I push the button on the espresso machine to warm up the boiler, slide the portafilter into its little slot under the grinder, and let the aroma of fresh-ground coffee fill the space as it noisily whirs. While I’m waiting, I wash the disposable clear plastic coffee cup I’ve re-used too many times with a spray of dish detergent and a green and yellow scrubby sponge. I drop one of my big square ice cubes in, then pull a double shot right onto the ice, melting grooves where it hits. I prefer iced lattes this time of year, but that’s just espresso topped off with a bunch of whole milk. Most people don’t realize it, but whole milk has about 12 grams of sugar per cup, and my coffee cup can hold twice that. Two of those iced lattes a day means roughly 40-50 grams of carbs from lactose. I haven’t exactly quit carbs, but I’m trying to reduce them, and I’m not sure I want so many of the ones I allow to creep in to be wasted on just coffee. So I make an iced Americano instead. Theoretically, it should be mostly coffee and water with a splash of cream, but I accidentally dump in way too much half-and-half. I pulled that move where the container is almost empty and you think there’s less in there than there is, and then when you upend it, you wind up with way more than you bargained for. Oh well. I top it off with more water from the fridge and pop the top on.

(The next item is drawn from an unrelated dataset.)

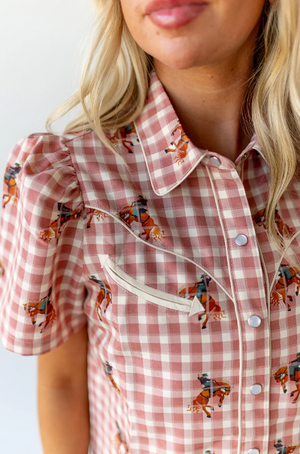 Pink Pony Gingham Pearl Snap Western Blouse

The next one, screw it, I’m just going to use the milk.

I’m not sure if I’m hungry or not. I felt like it when I was still lying in bed, but that seems to have mostly passed. I’ve been told I’m supposed to eat something before coffee so the caffeine doesn’t spike my cortisol, but I’ve gained about 7 pounds since I started doing that because I keep eating in the morning when I’d usually just skip. Just in case, I turn on the burner under the white ceramic pot with the leftovers of last night’s dinner, my first attempt at making Poulet à la Moutarde — chicken with mustard — and shove what’s left of the mashed potatoes from that meal into the microwave.

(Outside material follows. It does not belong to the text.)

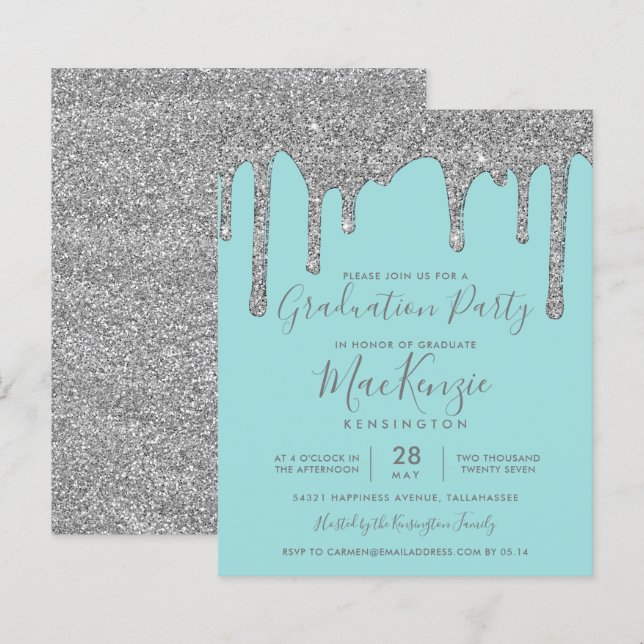 FESTA DE FORMATURA de Glitter de Prata Teal BUDGET (Frente/Verso)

Then I do what I really want. I grab a cigarette out of the first pack of smokes I’ve purchased in over two years. American Spirits, because nobody apparently sells my Dunhills anymore. I take my coffee with me as I head outside. It’s overcast and cool, about 65 degrees. I sit on the concrete steps to the upstairs apartments and light up my smoke with a gray plastic flip top lighter with a psychedelic design on the front that I picked up from a shop back in Michigan. Other than the occasional cigar, I’ve never been a regular smoker. I was always a “smoke while drinking” kind of guy back when I didn’t have to drink alone, and even then, usually only if somebody else had a pack. I can count the number of packs I’ve purchased for myself in my entire life on both hands. But sometimes, I just crave it. It’s not really the nicotine — I’ve got pouches of the clean, synthetic, tobacco-free kind for that — but the whole…experience. The ritual of the thing. I realize, around my second drag, that I left my phone inside, and shrug. Probably for the best. The whole cachet of smoking is in taking a minute to do a thing in the physical world that requires steps, involves several of the senses, and even a little bit of the magic of fire. Scrolling would just ruin the moment. Instead, I stare at the weathered old mulch in the landscaping and take a sip of my coffee-with-too-much-cream. I decide to just allow myself to notice things, like we used to do in the old days, before we all had a Palantir in our pockets.

There’s an old chicken leg bone, darkened with weather and age, broken off at one end. A clear plastic capsule with a pop top that looks like it used to have some kind of paint inside. A cheap mini butterfly hairclip lacquered up to look like gold. Roofing nails in various shapes and sizes. I see that the sliding glass door to nowhere on the side of my unit has an angle bracket screwed into the track. That’s interesting. Even if I wanted to open that door to let in some air, I couldn’t.